LAWS(KER)-1970-7-8

STATE OF KERALA Vs. E BHASKARAN KUNHIKELU

Decided On July 20, 1970
STATE OF KERALA Appellant
V/S
E.BHASKARAN KUNHIKELU Respondents

JUDGEMENT

(1.) THIS is an appeal from a judgment of acquittal. The allegation in the complaint filed by P. W. 1, the Wireless licensing Inspector, Tellicherry, before the Sub-Magistrate. Tellicherry-I was that the respondent had committed offences punishable under Section 4 read with Section 20 of the Indian Telegraph Act, XIII of 1885 and Section 3 read with Section 6 of the Indian Wireless Telegraphy Act, xvii of 1933. The Sub Magistrate convicted the respondent on both the counts. For the offence under the Telegraph Act he sentenced the respondent to pay a fine of Rs. 100/- and in default to undergo simple imprisonment for one month. No separate sentence was awarded for the offence under the Wireless Telegraphy Act. In the appeal filed by the respondent before the District Magistrate, Tellicherry, his convictions and sentence were set aside. This appeal is from that judgment.

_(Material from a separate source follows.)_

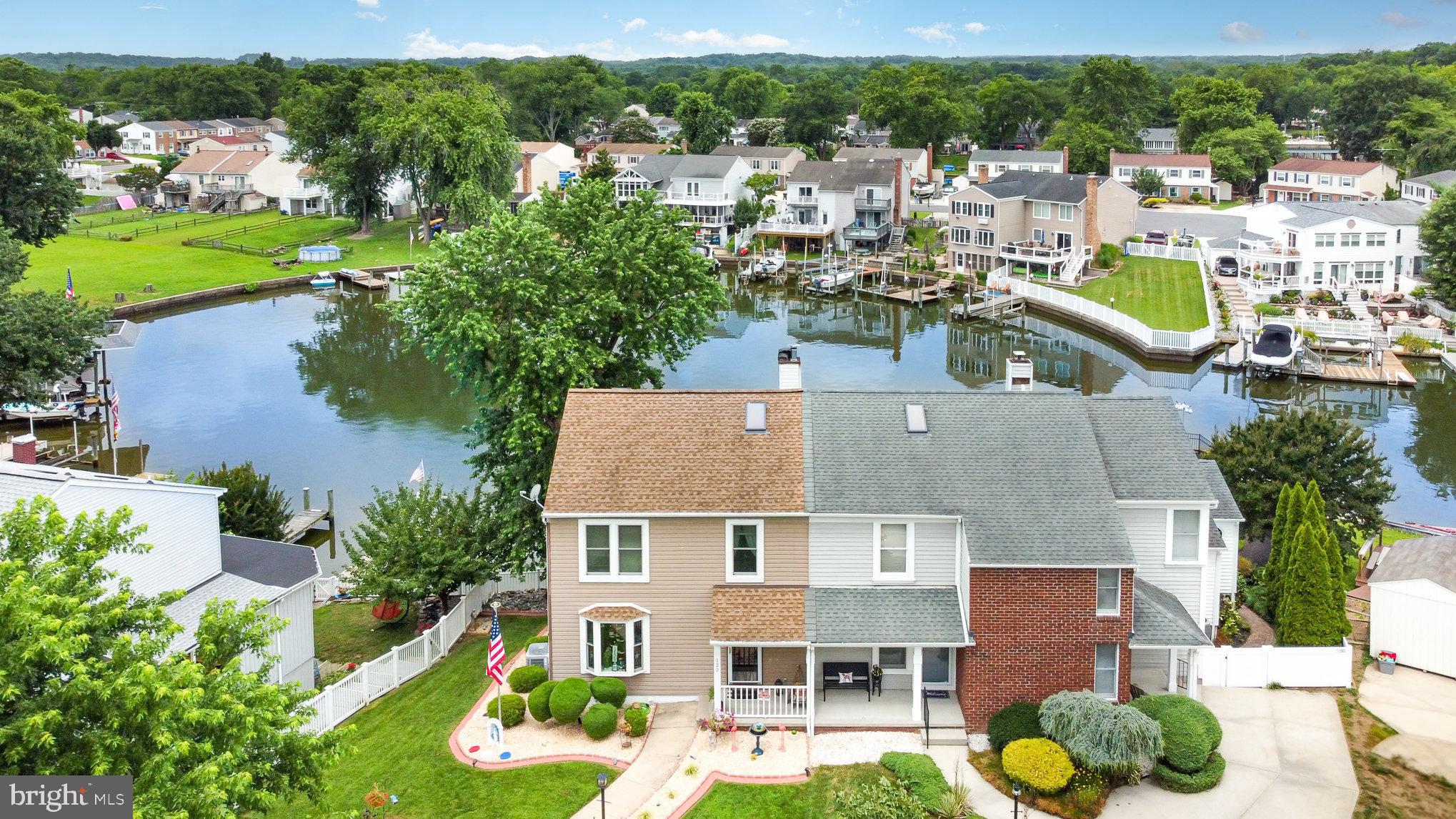 Price Improvement!!! Don't wait and miss this Waterfront Home. Nestled in the serene enclave of Rumsey Island, this residence offers a harmonious blend of contemporary design and waterfront living. This Custom Built home in 1985 is meticulously maintained and updated. The home spans an impressive 3,330 square feet, showcasing a thoughtful layout that caters to both relaxation and entertainment. Step inside to discover a warm and inviting interior adorned with rich hardwood flooring and ceramic tile. The spacious great room area features a slate fireplace w/pellet stove insert & mantel, with built in bookcase creating a cozy ambiance perfect for gatherings. The kitchen, equipped with stainless steel appliances and upgraded granite countertops provide ample space for culinary creations, the breakfast bar & adjacent eating area invites casual dining with views of the lush & waterfront surroundings. The main floor laundry & mud room area off of the side porch & kitchen adds convenience. The thoughtfully designed primary suite boasts a slider to private balcony, walk in closet and luxurious bathroom complete with a soaking tub, ensuring a private retreat for relaxation. The hard to find basement with family room has apellet stove and a french door to access the back yard. Additionally in the walkout basement is a den, storage/utility room and several storage closets. Outside, the property is equally captivating. The exterior features a charming front porch and side porch for easy access enhancing the curb appeal, while the fenced landscaped lot, situated on a peaceful cul-de-sac, offers a sense of privacy and tranquility overlooking the water along with back deck & awning. The 0.15-acre lot is bulkheaded and provides direct access to the stunning Gunpowder River, making it a water lover's paradise. Enjoy your own private dock site, complete with a boat lift and multiple slips, perfect for boating, kayaking, or simply soaking in the picturesque water views. The outdoor spaces are designed for enjoyment, featuring a spacious deck w/retractable electric awning and balcony that overlook the canal, ideal for entertaining or unwinding with a book. The property’s waterfront location ensures that every day feels like a vacation, with the soothing sounds of water and the beauty of nature at your doorstep. This home is not just a residence; it’s a lifestyle. With its blend of luxurious interior features, stunning exterior spaces, and unparalleled access to water activities, this property is a rare find that promises to meet the needs of discerning buyers seeking both comfort and adventure. Experience the perfect balance of elegance and leisure in this remarkable Rumsey Island retreat. Mariner Point Park and the newly revitalized North Bay Marina with Tiki Bar, Dining, Pool, Fuel Service and more is located right in the heart of Joppatowne on the Gunpowder River. Make sure to see the Virtual Tour & 3D Tour.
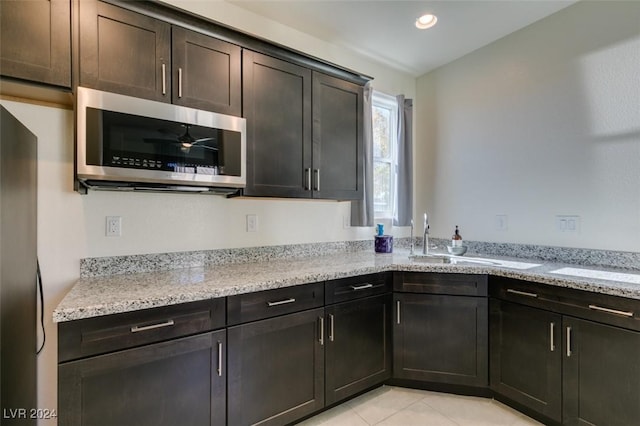 kitchen with light stone countertops, light tile patterned floors, stainless steel microwave, and a sink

(2.) SECTION 20 of the Telegraph Act and Section 6 of the Wireless Telegraphy Act prescribe respectively the penalties for contravening the provisions of Section 4 of the Telegraph Act and Section 3 of the Wireless Telegraphy Act. The punishment prescribed in Section 20 of the Telegraph Act is imprisonment which may extend to three years or fine or both and in Section 6 of the Wireless Telegraphy Act in the case of first offence fine which may extend to Rs. 100/- and in the case of a second or subsequent offence fine which may extend to Rs. 250/ -. While the offence under the Telegraph Act is therefore a warrant case that under the wireless Telegraphy Act is a summons case. The procedure adopted by the magistrate in the trial of the present case was that in a summons case. Where one of the offences is a warrant case and the other a summons case the trial to be conducted is that in a warrant case. Although the acquittal of the respondent by the District Magistrate was not on that ground the acquittal deserves to be upheld on that ground.

(3.) THE Public Prosecutor submitted that the adoption of the procedure prescribed for summons trial in the present case was merely an irregularity that it had not in any way caused prejudice to the respondent and that therefore the convictions and sentence were not liable to be set aside on that ground and relied upon the full Bench decision of the Allahabad High Court in Prem Das v. State, AIR 1961 All 590 and the decision of a Single Judge of the Gujarat High Court in Mohanlal v. State, AIR 1962 Guj 231.